Testing Numeric Metrics

See package-extension-requirements.md#testing-requirements for comprehensive testing guide.

Reference test files: - Standard tests: tests/testthat/test-num-mae.R (correctness, NA handling, weights) - Edge cases: tests/testthat/test-num-huber_loss.R (parameter validation, robustness)

Key tests for numeric metrics

test_that("calculations are correct", {
  df <- data.frame(
    truth = c(1, 2, 3, 4, 5),
    estimate = c(1.1, 2.2, 2.9, 4.1, 4.8)
  )

  # Calculate expected value by hand
  expected <- mean(abs(df$truth - df$estimate))

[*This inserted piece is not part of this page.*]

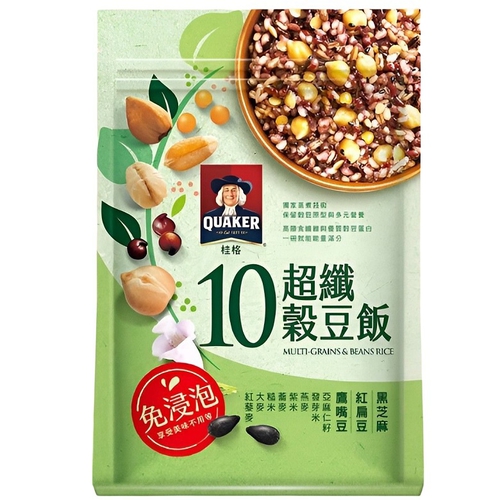 桂格 免浸泡10超纖穀豆飯(1kg)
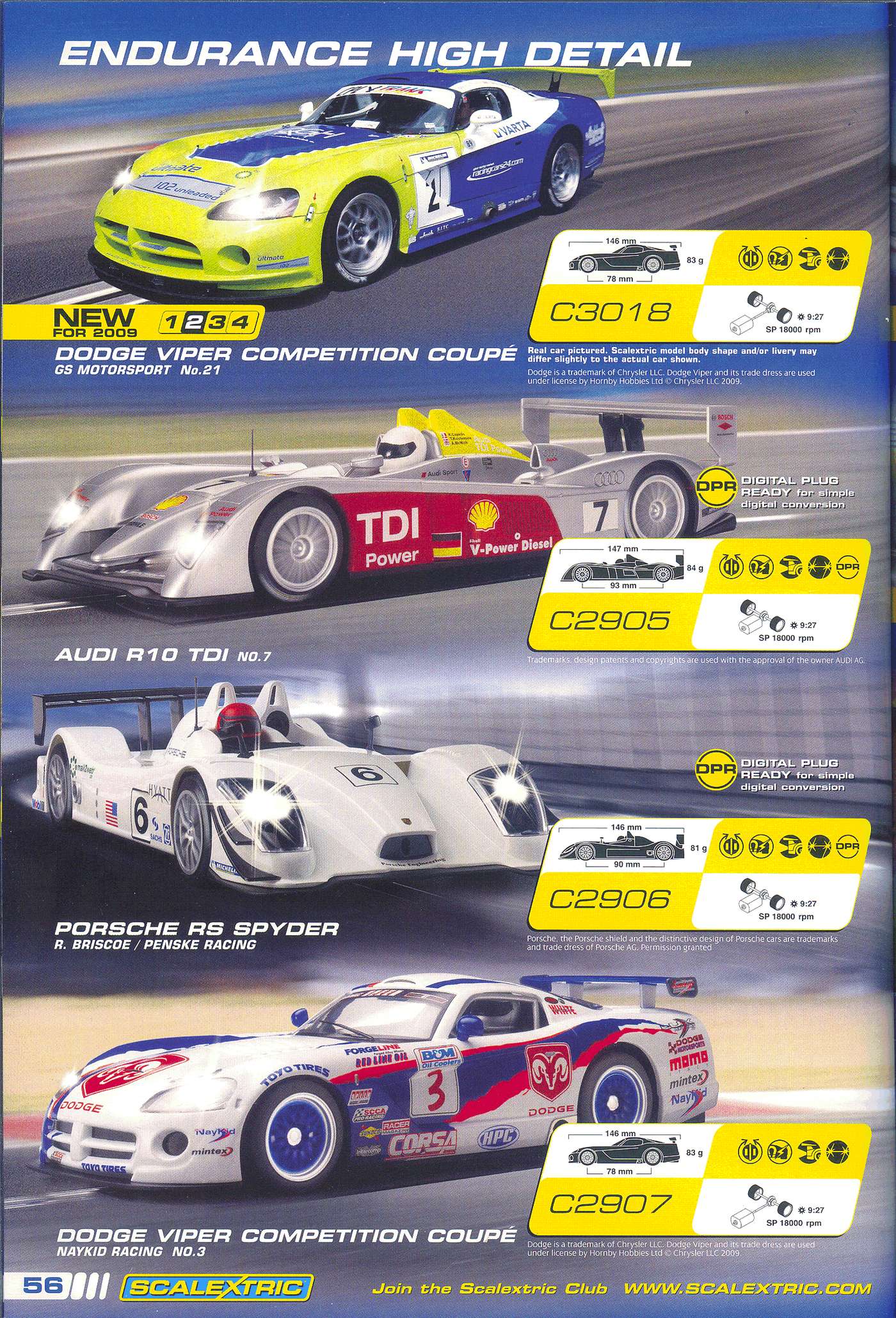 Scalextric Catalogue 2009 page 15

  expect_equal(mae_vec(df$truth, df$estimate), expected)
})

test_that("perfect predictions give zero", {
  truth <- c(10, 20, 30, 40, 50)
  estimate <- c(10, 20, 30, 40, 50)

  expect_equal(mae_vec(truth, estimate), 0)
})

test_that("case weights work correctly", {
  df <- data.frame(
    truth = c(1, 2, 3),
    estimate = c(1.5, 2.5, 3.5),
    weights = c(1, 2, 1)
  )

  # Weighted calculation
  expected <- weighted.mean(abs(df$truth - df$estimate), df$weights)

  expect_equal(mae_vec(df$truth, df$estimate, case_weights = df$weights), expected)
})

File Naming

  • Source file: R/num-mae.R (or R/num-your-metric.R)
  • Test file: tests/testthat/test-num-mae.R

Use num- prefix to indicate numeric metrics.